Jarang diriku membuat tulisan yang didasari perasaan bersalah. Tapi, pagi ini idenya tiba-tiba terbersit. Semuanya terkait dengan blogwalking di Kompasiana. Tertuju spesifik kepada sebuah nama,"Roselina Tjiptadinata."
Salah satu aktivitas yang paling kugemari adalah membaca sapaan kawan-kawan atas tulisan yang baru saja terbit. Namun, entah kenapa aku selalu tertegun dengan sapaan Kompasianer yang kerap aku sapa dengan Bu Rose ini.
Siapa yang tidak mengenalnya. Di Kompasiana, beliau boleh dikatakan sebagai pendamping dedengkot. Alias bojo e dedengkot K, Tjiptadinata Effendi, yang selalu aku sapa dengan Pak Tjip.
Pak Tjip memang adalah contoh teladan bagi penulis pemula, penulis tua, hingga penulis tanggung macam diriku. Semua menaruh rasa hormat padanya. Buktinya ada. Buku 150 Kompasianer Menulis ditutup dengan target 159 penulis. Aku bahkan pernah menantang beliau;
"Jika waktu diperpanjang, aku yakin bisa mencapai 200." Setuju tidak?

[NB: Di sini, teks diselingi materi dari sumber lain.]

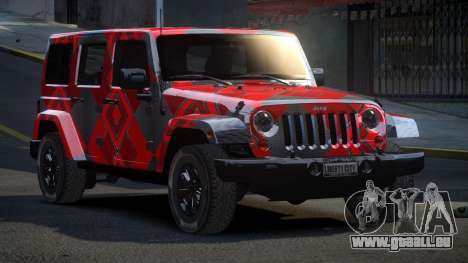 Jeep Wrangler PSI-U S4 für GTA 4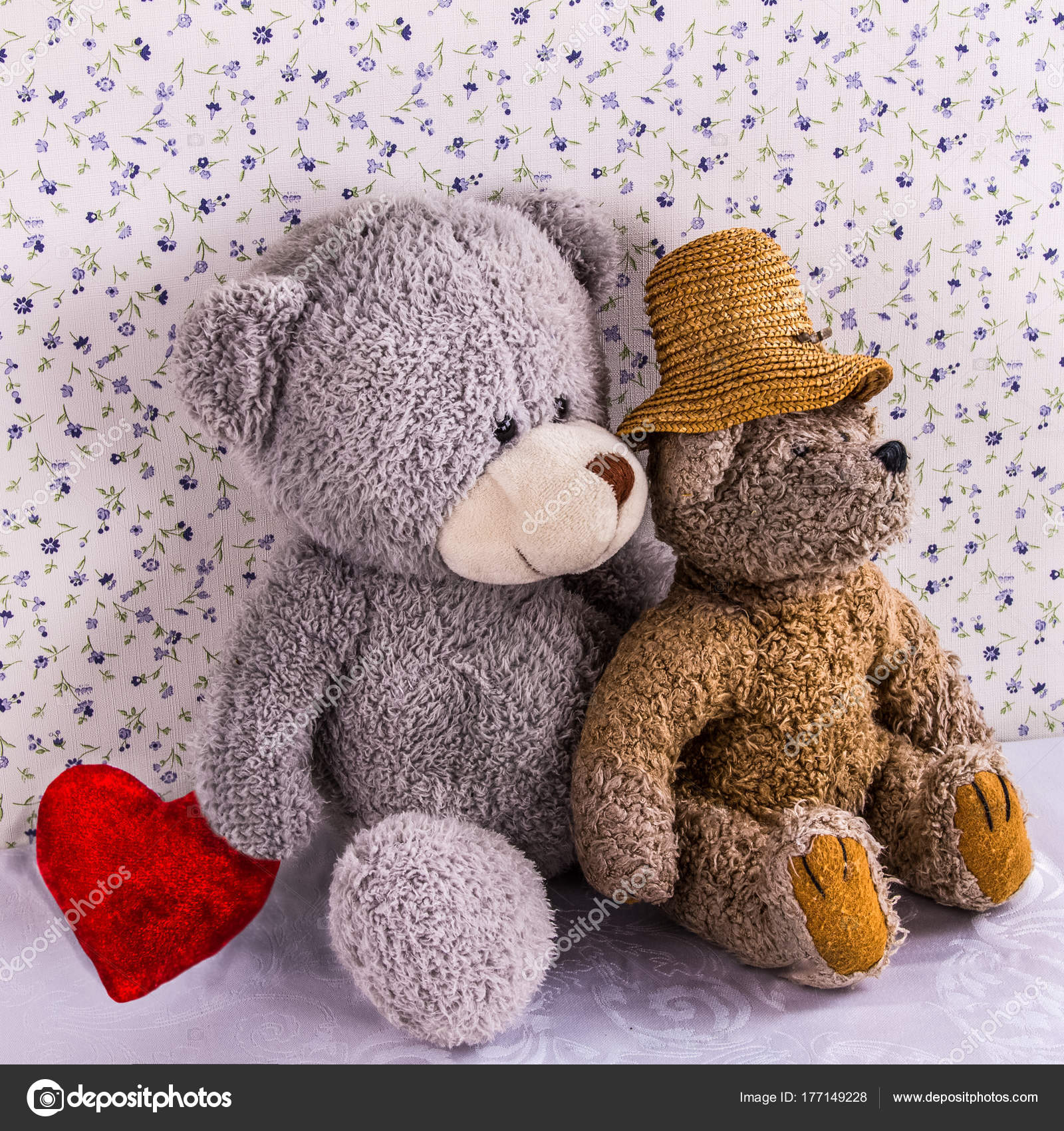Teddy Bear - HD Wallpaper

Tapi sudahlah tentang Pak Tjip. Tulisan ini aku dedikasikan bagi istrinya, bukan beliau.
Bu Rose sering hadir dalam sapaan. Waktunya pun teratur. Setiap pagi pada saat aku selesai meneguk gelas kopi pertamaku.
"Terima kasih Pak Rudy telah berbagi artikel yang inspiratif tentang pernak-pernik..." Begini kira-kira khasnya.
Aku pun menjawab;
"Terima kasih Bu Rose, semoga sehat selalu ya."
Setiap pagi. Bayangkan setiap pagi. Tidak heran jika nama beliau selalu bertenger di ruangan Nilai Tertinggi Kompasiana. Bersamaan dengan beberapa nama lain seperti Ari Budiyanti, Fatmi Sunarya, Ali Musri Syam, Mochamad Syafei, Hennie Triana, dan Meni Mor.